Terkait qira’at al-Qur’an, Rasulullah bersabda, “Al-Qur’an diturunkan dengan beberapa variasi bacaan yang berbeda, maka bacalah yang termudah bagi kalian.” (HR. al-Bukhari)
Dari sini jelas kiranya bahwa perbedaan bacaan atau qira’at al-Qur’an telah ada sejak zaman Rasulullah dan bahkan Rasulullah memang mengajarkan qira’at yang bervariasi sebagai “rahmatan” bagi umatnya yang memiliki dialek yang berbeda-beda, sehingga tidak ada yang merasa sukar ketika membaca al-Qur’an karena sesuai dengan dialek yang biasa mereka gunakan.
Namun faktanya, masih saja terdapat sebagian orang yang tidak percaya, bahkan secara sadar ingkar terhadap qira’at al-Qur’an.
Baca juga: Biografi Imam Mutawali; Muara sanad Qira’at di Mesir
Berikut ini merupakan pemaparan dua tokoh pengingkar qira’at al-Qur’an dan jawaban dua ulama al-Azhar terkait hal tersebut.
Pada suatu hari, dalam sebuah majlis terdapat seorang qari’ membaca al-Qur’an menggunakan bacaan qira’at Abu Amr al-Bashri (w. 154 H).

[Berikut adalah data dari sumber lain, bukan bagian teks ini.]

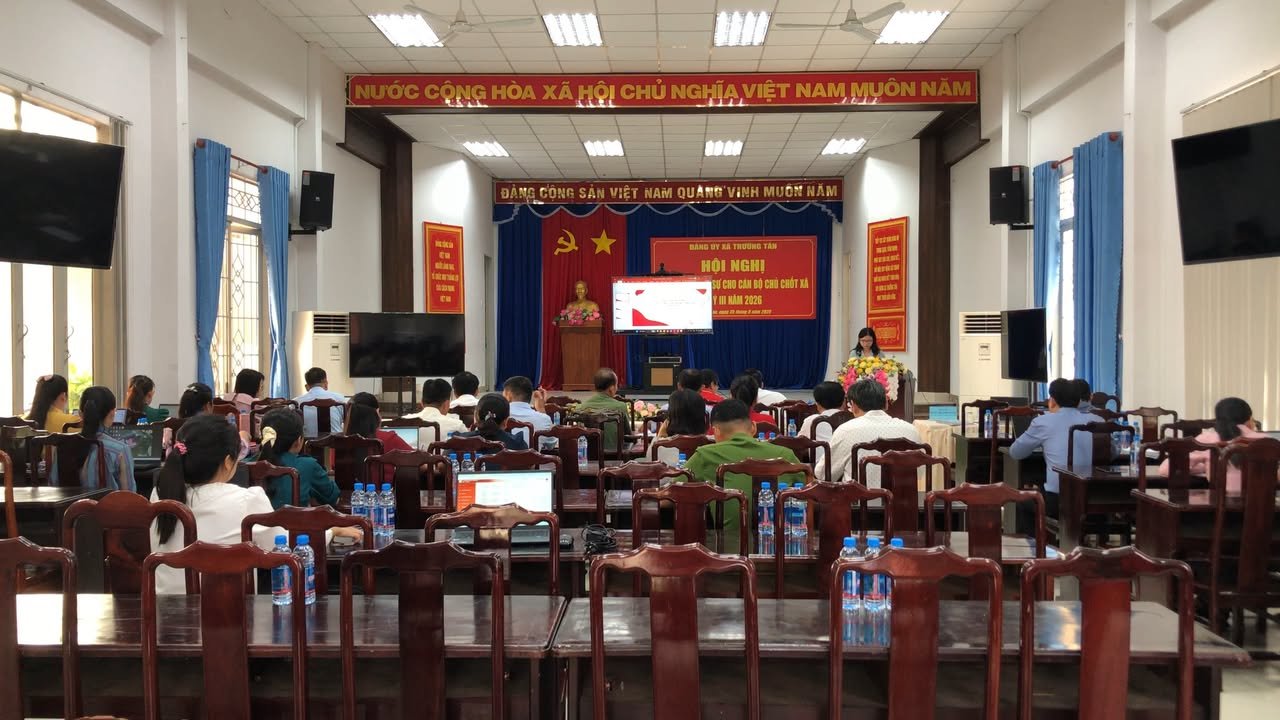 HỘI NGHỊ TẬP HUẤN, HƯỚNG DẪN ĐÁNH GIÁ, XẾP LOẠI CÁN BỘ, CÔNG CHỨC, VIÊN CHỨC QUÝ III NĂM 2026 TRÊN PHẦN MỀM...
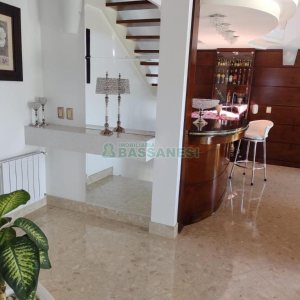 Apartamento com 245m², 3 dormitórios, 2 vagas, no bairro Centro em Caxias do Sul para Alugar ou Comprar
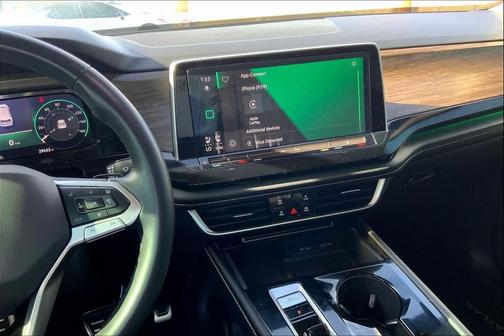 2024 Volkswagen Atlas 2.0T SEL Premium R-Line 4MOTION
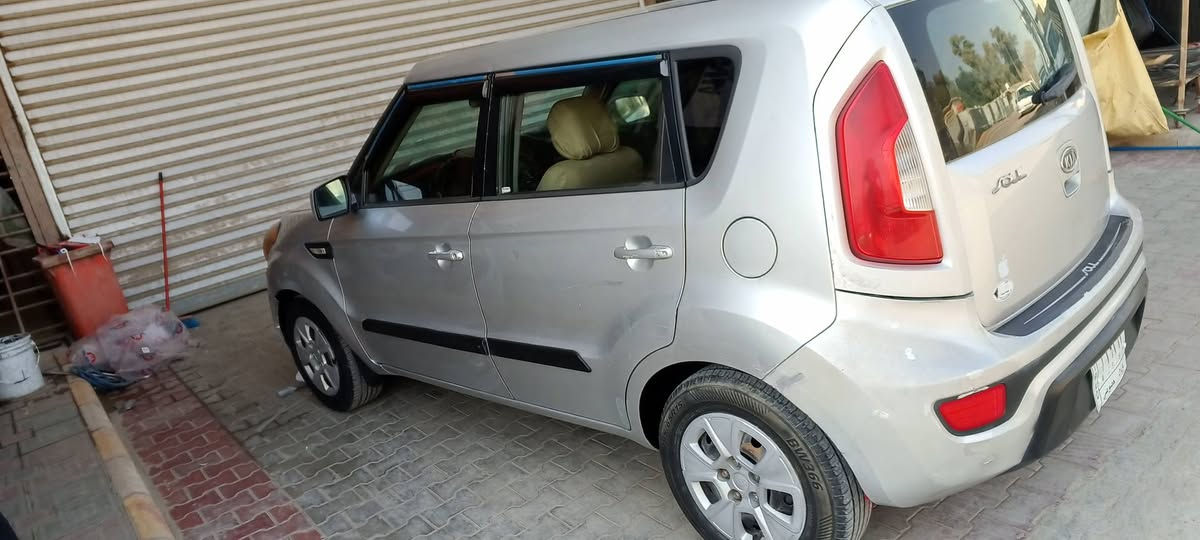 سلام عليكم كيا صول موديل 2012 أمريكي حادثه بس باب صبغ فقط ولباقي مكفولة سياره جديده  كير مكينه وحداديه تخم تاير تبريد كله جديد تحويل ثاني يوم مكانها حله بابل نادر السعر 85 وبيها مجال بسيط ***********🌹🇮🇶 مكينه 1600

Ketika sang qari’ membaca surat Yusuf dan sampai pada lafadz (حَاشَ), ia berhenti (waqaf) dengan membuang alif setelah huruf syin (حَاشْ). Kemudian ia mengulang bacaan lafadz (حَاشَ) dengan memanjangkan huruf syin (حَاشَا) ketika membaca washal.
Di antara para penyimak dalam majlis tersebut, terdapat seseorang bernama Muhammad Sulaiman as-Safathi al-Maliki (w. 1323 H). Dia menganggap bahwa bacaan sang qari’ tidak benar, sebab baginya hal itu termasuk mencampuradukkan bacaan dalam al-Qur’an.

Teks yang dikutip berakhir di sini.